Leo Lankinen (Langinen) (Лео Фомич Ла́нкинен, Leo Fomich Lankinen) (13 July 1926 - 17 December 1996) was a Karelian sculptor and painter.

His last work was the Cross of Sorrow, a memorial dedicated to Soviet and Finnish soldiers perished in the Winter War of 1939-1940.
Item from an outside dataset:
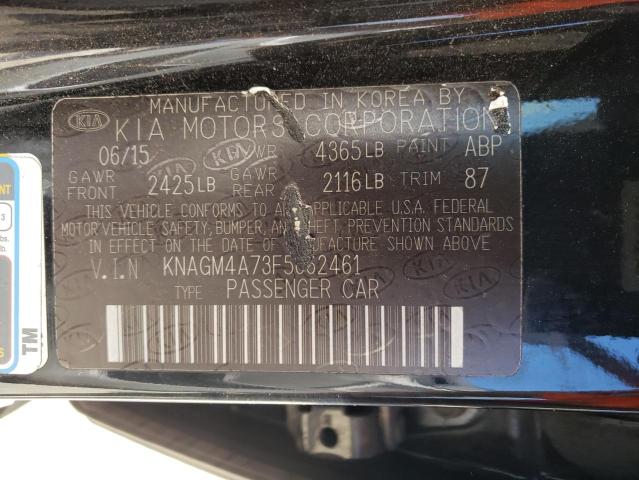 Photo 10 from auction – 2015 KIA OPTIMA LX with VIN KNAGM4A73F5662461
==Awards and recognition==

- 2006: Karelian State Prize in Arts (posthumously)
- Ilya Repin State Prize
- 1986: Full member of the USSR Academy of Arts
- 1968: People's Artist of RSFSR
- 1967: Gold Medal of the USSR Academy of Arts, for the cycle "Мой современник" of portraits (<Сиркка>, <Спортсмен Миша Попов>, <Комсомолка 30-х годов>, <Помор>, <Тойво Антикайнен>)
- 1959: Meritorious Artist of RSFSR

The house in Petrozavodsk where he lived during 1960-1996 ( №16, ул. Куйбышева) bears a memorial plaque dedicated to him.

In 2003 a collection Скульптор Лео Ланкинен was published, of memoirs of Zurab Tsereteli, Tair Salakhov, philologist Eino Karhu, sculptor Boris Plenkin, and others about the sculptor.